▶ Task input:

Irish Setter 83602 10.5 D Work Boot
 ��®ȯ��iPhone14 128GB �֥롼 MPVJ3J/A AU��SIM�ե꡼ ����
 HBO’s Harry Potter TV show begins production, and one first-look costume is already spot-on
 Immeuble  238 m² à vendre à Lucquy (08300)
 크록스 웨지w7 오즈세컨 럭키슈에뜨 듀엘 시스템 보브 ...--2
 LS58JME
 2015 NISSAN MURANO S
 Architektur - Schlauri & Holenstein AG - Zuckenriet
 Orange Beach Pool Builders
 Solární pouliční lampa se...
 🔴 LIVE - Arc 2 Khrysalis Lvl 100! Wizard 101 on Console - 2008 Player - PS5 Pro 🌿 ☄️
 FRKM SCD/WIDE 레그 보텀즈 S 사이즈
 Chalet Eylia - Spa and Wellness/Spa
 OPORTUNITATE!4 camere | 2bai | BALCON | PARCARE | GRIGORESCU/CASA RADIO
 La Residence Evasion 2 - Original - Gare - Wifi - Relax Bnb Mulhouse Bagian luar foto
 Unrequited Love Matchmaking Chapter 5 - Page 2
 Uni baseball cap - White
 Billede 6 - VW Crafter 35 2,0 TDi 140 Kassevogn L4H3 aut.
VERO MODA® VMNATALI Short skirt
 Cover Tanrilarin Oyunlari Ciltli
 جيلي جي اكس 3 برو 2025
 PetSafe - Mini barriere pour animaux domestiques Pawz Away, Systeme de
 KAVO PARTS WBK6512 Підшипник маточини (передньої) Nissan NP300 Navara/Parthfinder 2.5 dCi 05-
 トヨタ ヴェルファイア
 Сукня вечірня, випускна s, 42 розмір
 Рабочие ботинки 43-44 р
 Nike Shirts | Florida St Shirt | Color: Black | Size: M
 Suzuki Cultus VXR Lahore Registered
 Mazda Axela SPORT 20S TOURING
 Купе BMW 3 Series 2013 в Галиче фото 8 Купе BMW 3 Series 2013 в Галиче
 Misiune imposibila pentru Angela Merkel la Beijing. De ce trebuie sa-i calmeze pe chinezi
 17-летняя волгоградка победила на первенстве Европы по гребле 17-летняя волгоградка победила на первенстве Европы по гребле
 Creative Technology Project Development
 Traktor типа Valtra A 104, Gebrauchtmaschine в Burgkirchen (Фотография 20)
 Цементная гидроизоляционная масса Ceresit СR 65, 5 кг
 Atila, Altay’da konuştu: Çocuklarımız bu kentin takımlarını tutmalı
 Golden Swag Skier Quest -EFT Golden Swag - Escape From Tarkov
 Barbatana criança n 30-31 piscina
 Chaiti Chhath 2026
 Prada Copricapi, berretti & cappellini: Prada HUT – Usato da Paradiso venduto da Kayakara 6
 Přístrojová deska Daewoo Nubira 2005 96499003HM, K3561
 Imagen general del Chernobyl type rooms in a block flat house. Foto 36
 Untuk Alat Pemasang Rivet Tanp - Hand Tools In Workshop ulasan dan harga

▶ Task to carry out:
Only the lines from the beginning of the material above through the line with "Chalet Eylia - Spa and Wellness/Spa" are wanted; extract them exactly.

▶ Written reply:
Irish Setter 83602 10.5 D Work Boot
 ��®ȯ��iPhone14 128GB �֥롼 MPVJ3J/A AU��SIM�ե꡼ ����
 HBO’s Harry Potter TV show begins production, and one first-look costume is already spot-on
 Immeuble  238 m² à vendre à Lucquy (08300)
 크록스 웨지w7 오즈세컨 럭키슈에뜨 듀엘 시스템 보브 ...--2
 LS58JME
 2015 NISSAN MURANO S
 Architektur - Schlauri & Holenstein AG - Zuckenriet
 Orange Beach Pool Builders
 Solární pouliční lampa se...
 🔴 LIVE - Arc 2 Khrysalis Lvl 100! Wizard 101 on Console - 2008 Player - PS5 Pro 🌿 ☄️
 FRKM SCD/WIDE 레그 보텀즈 S 사이즈
 Chalet Eylia - Spa and Wellness/Spa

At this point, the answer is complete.